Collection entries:
==============================
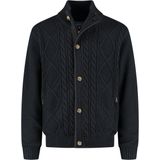 MGO Gebreid vest  marine / bruin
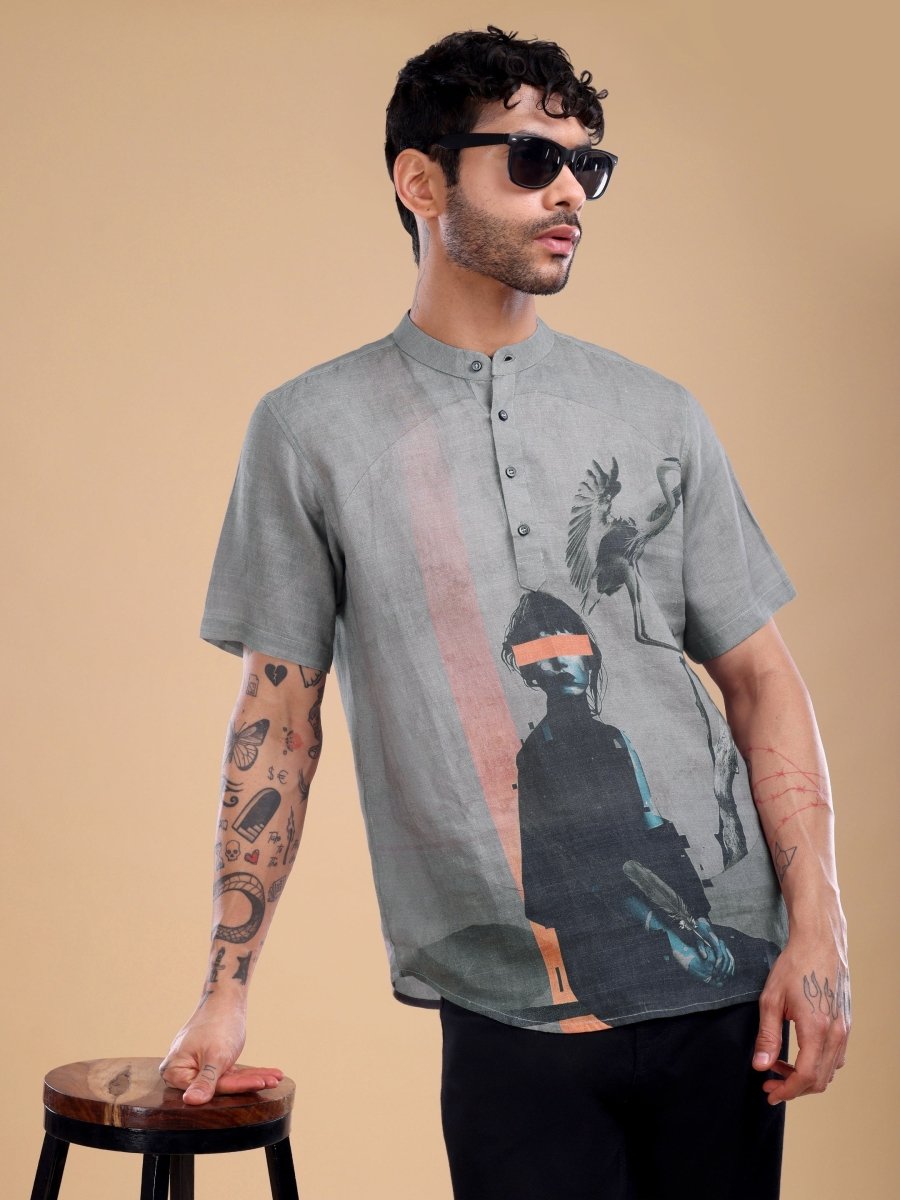 Men's Pure Linen Artistic Print Shirt in Dusty Taupe - CLOHI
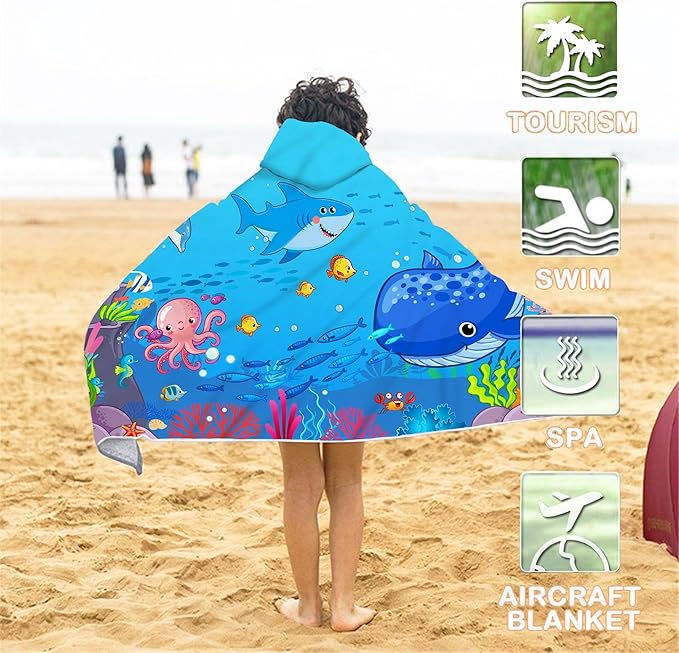 Blue Sea World Hooded Beach Towel for Kids, Cute Bath Towel with Hood, Boy Microfiber Super Absorbent Soft Poncho Bathrobe for Swin Pool 30”x50”
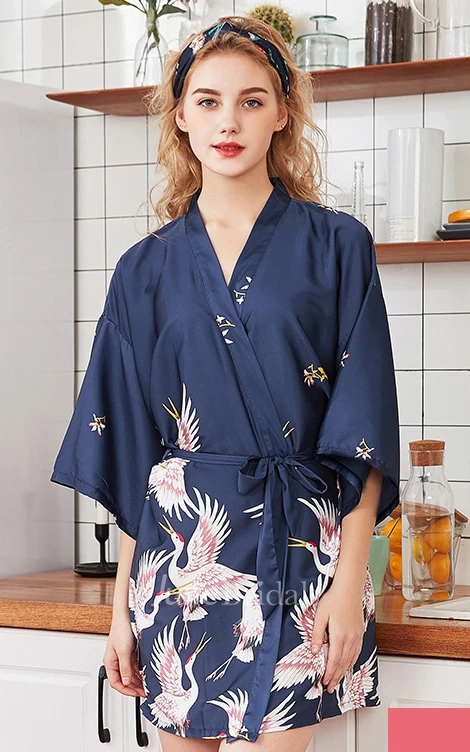 Floral Bride Bridesmaid Short Robe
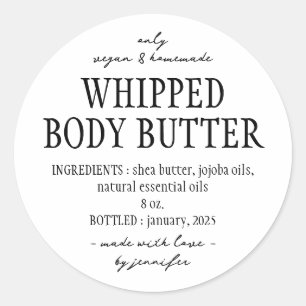 Basis Fles Whipped Body Butter Ingrediënten Ronde Sticker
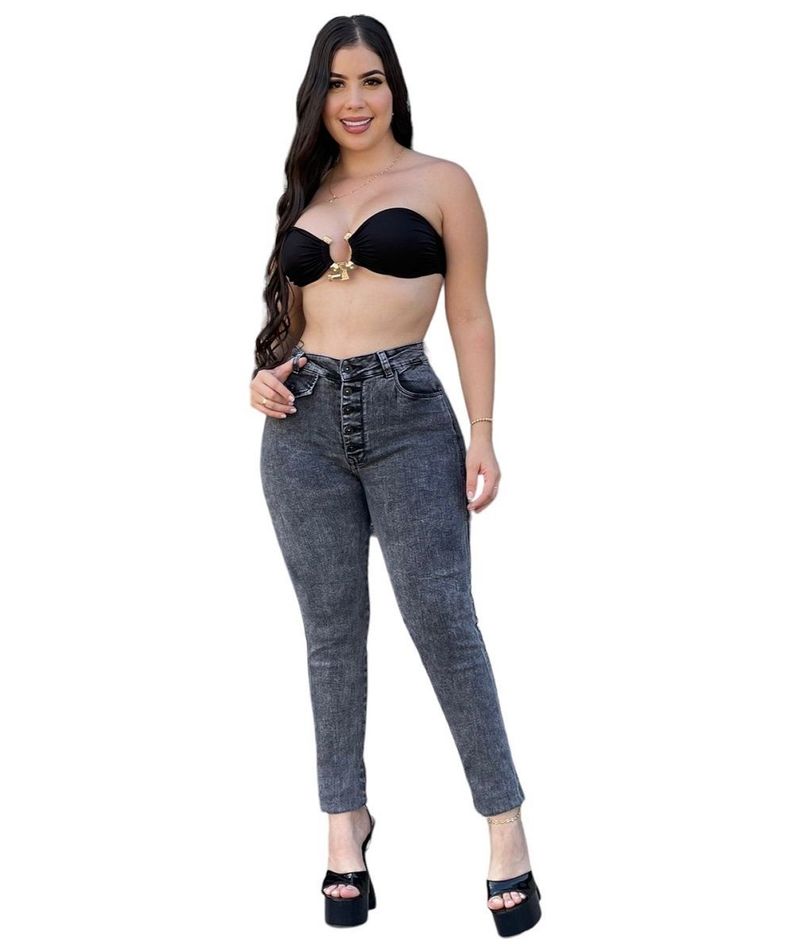 Jeans Skinny Mujer Push Up Gris-0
==============================
Although the records contain pictures, return only their text, exactly as written.

Answer for this exercise:
 MGO Gebreid vest  marine / bruin
 Men's Pure Linen Artistic Print Shirt in Dusty Taupe - CLOHI
 Blue Sea World Hooded Beach Towel for Kids, Cute Bath Towel with Hood, Boy Microfiber Super Absorbent Soft Poncho Bathrobe for Swin Pool 30”x50”
 Floral Bride Bridesmaid Short Robe
 Basis Fles Whipped Body Butter Ingrediënten Ronde Sticker
 Jeans Skinny Mujer Push Up Gris-0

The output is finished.